As a practical matter, even if the immunity issue were not tying things up at the moment, Chutkan could not have started a trial on March 4 under circumstances in which the Supreme Court’s guidance on the main charge is not expected until mid-to-late June. Moreover, if the high Court were to restrict prosecutors’ use of §1512, and if in doing so the justices were to remind prosecutors (as they did last term) not to stretch criminal statutes in extravagant ways (as Smith has also done in dubiously charging Trump with fraud and civil-rights violations), it might be necessary for Smith to overhaul his case.

Of course, that is Trump’s dream scenario, and there’s a good chance it won’t go that way. Perhaps Smith won’t have to tinker with his case at all, or maybe whatever the Court says about obstruction will call for only minor adjustments. Even so, it is difficult to imagine how this two-to-three month trial could start prior to mid-summer — and even that may be optimistic.

Why? Because there is a lot of pre-trial work, including administrative detail, that must be attended to for a case to get to trial. As I elaborated in my above-linked column about Trump’s delay strategy, the pre-trial process includes discovery, motions to dismiss the case or suppress evidence, hearings on motions, and so on. Whenever jurisdiction is finally returned to Judge Chutkan, all of that will have to crank up again — it takes a long time to get through, and it’s not like this is the only case on Her Honor’s docket. (The Biden Justice Department is still arresting people in connection with the Capitol riot — in addition to the over 1,200 already charged. This is putting great strain on the D.C. district court’s resources.)

Beyond that, my friend Bill Shipley, a sharp former prosecutor who has defended a number of the January 6 cases and is very familiar with litigation practice in the D.C. district court, was ahead of the crowd when he explained on X/Twitter this week how the difficulty of seating of a jury in a trial like this factors in.

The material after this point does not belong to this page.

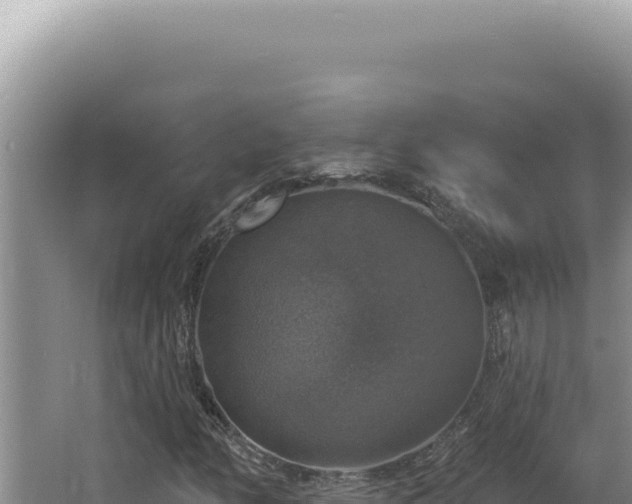 X0000064741158200602131309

This is apt to be the highest-profile case in modern American history. As Bill points out, the parties will have to vet hundreds of potential jurors — maybe a thousand or more. To do that, the court must send out extensive questionnaires to potential jurors, which the lawyers vet under a court-supervised process; that way, when the trial begins, the parties can proceed with voir dire, strikes for cause, and discretionary (“peremptory”) strikes without undue delay. In order for that to happen in a trial scheduled to begin March 4, the questionnaires would have to have been sent out weeks before. Moreover, among the most important questions asked of prospective jurors would be: Are you available to serve as a juror for two-to-three months beginning on March 4? That is, if the trial date is unknown, it is pointless to send out the questionnaires; and if the questionnaires cannot be sent out well in advance, the trial can’t start on time. There is no getting around that.

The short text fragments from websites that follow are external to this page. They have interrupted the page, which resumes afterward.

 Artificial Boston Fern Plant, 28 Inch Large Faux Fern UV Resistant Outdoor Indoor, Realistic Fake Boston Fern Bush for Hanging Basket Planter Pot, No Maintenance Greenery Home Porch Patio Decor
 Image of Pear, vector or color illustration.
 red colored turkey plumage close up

This is why I am saying that even a midsummer start date for the anticipated trial would be ambitious. Does it eventually get so late in the election-campaign calendar that it would be too unseemly to start trial? I would hope so. The administration of justice in criminal cases is an important national priority, but it’s not the only one — or, necessarily, the highest one. How much intrusion on politics by the justice system should Americans tolerate — particularly under circumstances in which the intrusion is being orchestrated by the administration of the incumbent president against his campaign opponent?

Defendants have to be present in court for the entirety of criminal trials. Could we really have the Republican nominee stuck in a courtroom from, say, August through October? I’m sure that would be fine with the Biden Justice Department’s special counsel. The question may be whether the court will go along.